Hell no, but glad yours was.


----------



## C'est Moi (Jun 29, 2019)

Yes, I had a wonderful childhood and the best parents ever.


----------



## Ruth n Jersey (Jun 29, 2019)

I had a great childhood. Wonderful parents and Grandparents that live right next door.


----------



## Shalimar (Jun 29, 2019)

Keesha said:


> Hell no, but glad yours was.


Qft


----------



## Sassycakes (Jun 29, 2019)

I was Blessed to have a truly wonderful childhood. I had the best Parents ,Older Brother and older sister  with many Aunts, Uncles and cousins living close to us. They were wonderful days.


----------



## Ruthanne (Jun 29, 2019)

When I was a young child my parents and family were great.  We went on cool vacations, I enjoyed our family meals, my mom was a great mom.  All that changed though.  'Nuff said.  Glad your childhood was idyllic!


----------



## hypochondriac (Jun 29, 2019)

The big shock for me was adulthood. Starting my first job. Discovering that the world didnt treat you as gently as your parents. 
My parents were too nice. ive never met better people. And many people say they loved my parents.


----------



## win231 (Jun 30, 2019)

I envy anyone who had good parents (and good marriages).  I had neither, but I'm OK....I guess.


----------



## Aunt Bea (Jun 30, 2019)

Portions of my childhood were very chaotic and portions of it were warm and wonderful.

At the time I really had no way of knowing what childhood was supposed to be like so I just muddled alone like everyone else I knew and everything turned out fine.


----------



## hypochondriac (Jun 30, 2019)

My wifes childhood was sad. sometimes she got locked in a cupboard as punishment. She said 
adult life has been much happier. i like family life as an adult but the workplace is often a nightmare for me.


----------



## hollydolly (Jun 30, 2019)

NO,  I had rotten childhood. Shunted from home to foster homes on a regular basis  , and back again, very violent father and a mother who suffered serious depression because of his actions and ultimately took her own life... 

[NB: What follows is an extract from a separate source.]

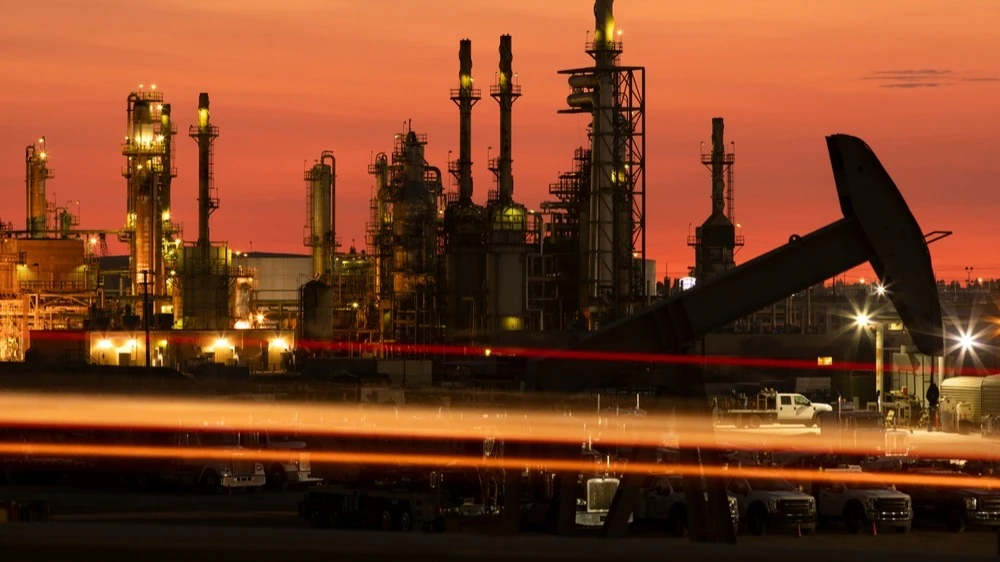 Brent crude oil rose in price by more than 3% at trading on March 17 / Photo: Shutterstock.com/Matt Gush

Serious issues in my childhood  which would fill a very depressing book!


----------



## mike4lorie (Jun 30, 2019)

My childhood in the early days prior to being 13 was fantastic... From 13 - 16 wasn't all that hot, 16 I was asked to leave by my father... Mom was very upset about that, but I never returned to the nest... So real life began when I was 16... But have no regrets... The family died when my Mom died. To my younger brother I am dead, and younger sister, she has no use for me.  We were all adopted and were told that since the day I can remember, But as far as I am concerned my MOM was my real MOM...(RIP)


----------



## hollydolly (Jun 30, 2019)

Ruth n Jersey said:


> I had a great childhood. Wonderful parents and Grandparents that live right next door.


 Idyllic


----------



## rgp (Jun 30, 2019)

No!


----------



## toffee (Jun 30, 2019)

cant say a happy child hood. .but well looked after .


----------



## Leann (Jun 30, 2019)

When I was outside of my house, my childhood was great. I lived in a perfect neighborhood, had plenty of other kids to play with and went to a wonderful school. Inside my house, it was unpredictable but usually full of hostility between my parents, lots of arguments, and always walking on eggshells.


----------



## Judycat (Jun 30, 2019)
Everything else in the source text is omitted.